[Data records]
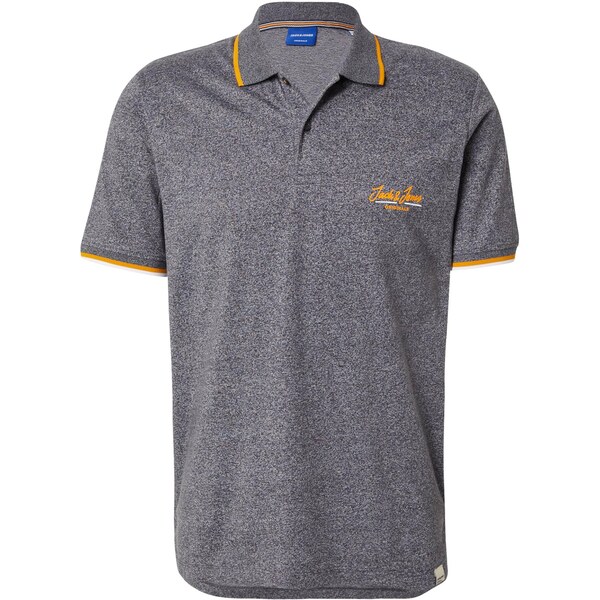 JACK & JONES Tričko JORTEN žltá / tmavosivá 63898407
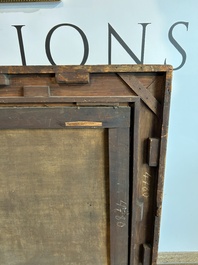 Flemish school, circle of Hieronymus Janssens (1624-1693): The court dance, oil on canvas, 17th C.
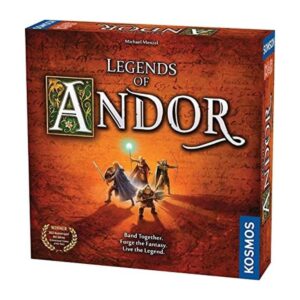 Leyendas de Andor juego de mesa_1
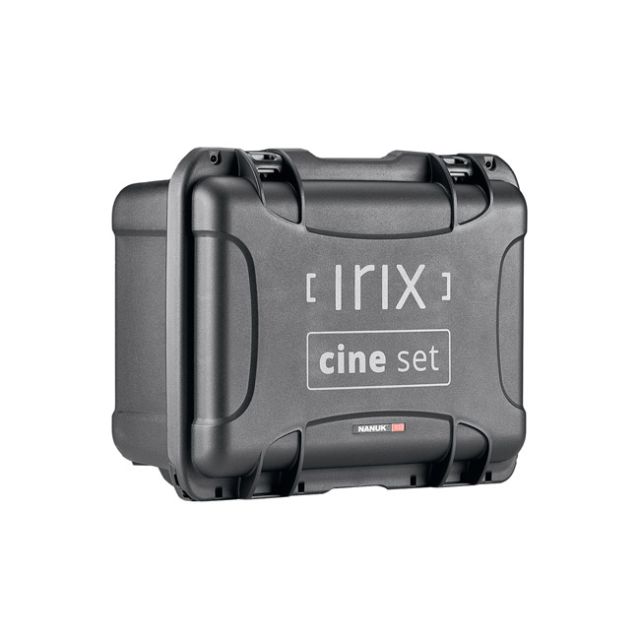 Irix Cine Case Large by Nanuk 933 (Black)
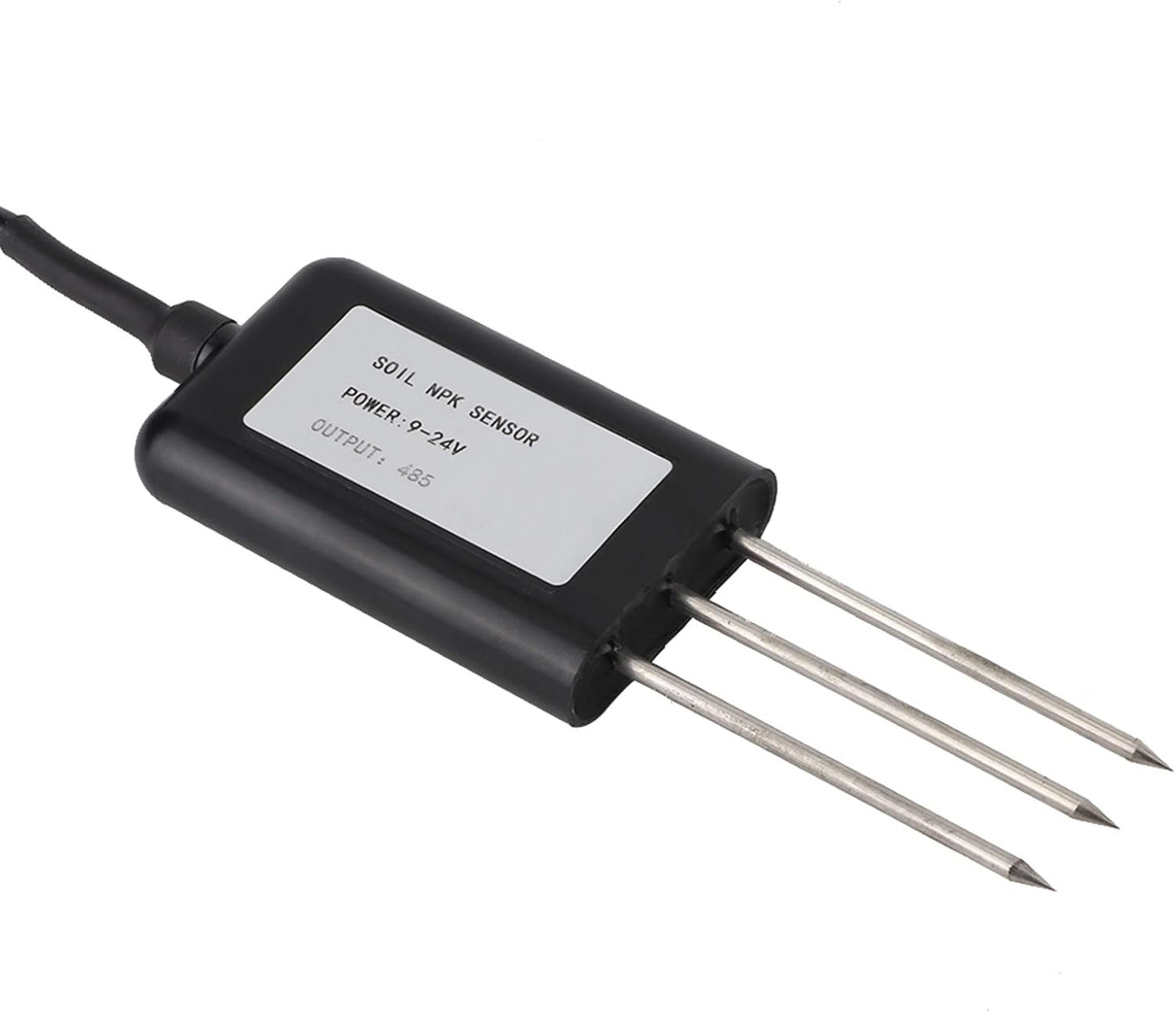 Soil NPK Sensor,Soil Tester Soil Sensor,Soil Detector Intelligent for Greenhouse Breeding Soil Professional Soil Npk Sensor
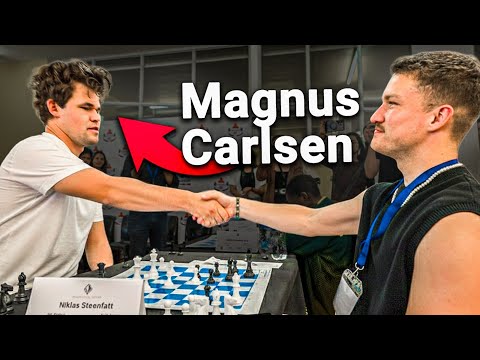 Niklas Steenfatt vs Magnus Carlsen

**Task description**
Every record is to be repeated exactly, and no picture is carried over.

**Exercise output**
 JACK & JONES Tričko JORTEN žltá / tmavosivá 63898407
 Flemish school, circle of Hieronymus Janssens (1624-1693): The court dance, oil on canvas, 17th C.
 Leyendas de Andor juego de mesa_1
 Irix Cine Case Large by Nanuk 933 (Black)
 Soil NPK Sensor,Soil Tester Soil Sensor,Soil Detector Intelligent for Greenhouse Breeding Soil Professional Soil Npk Sensor
 Niklas Steenfatt vs Magnus Carlsen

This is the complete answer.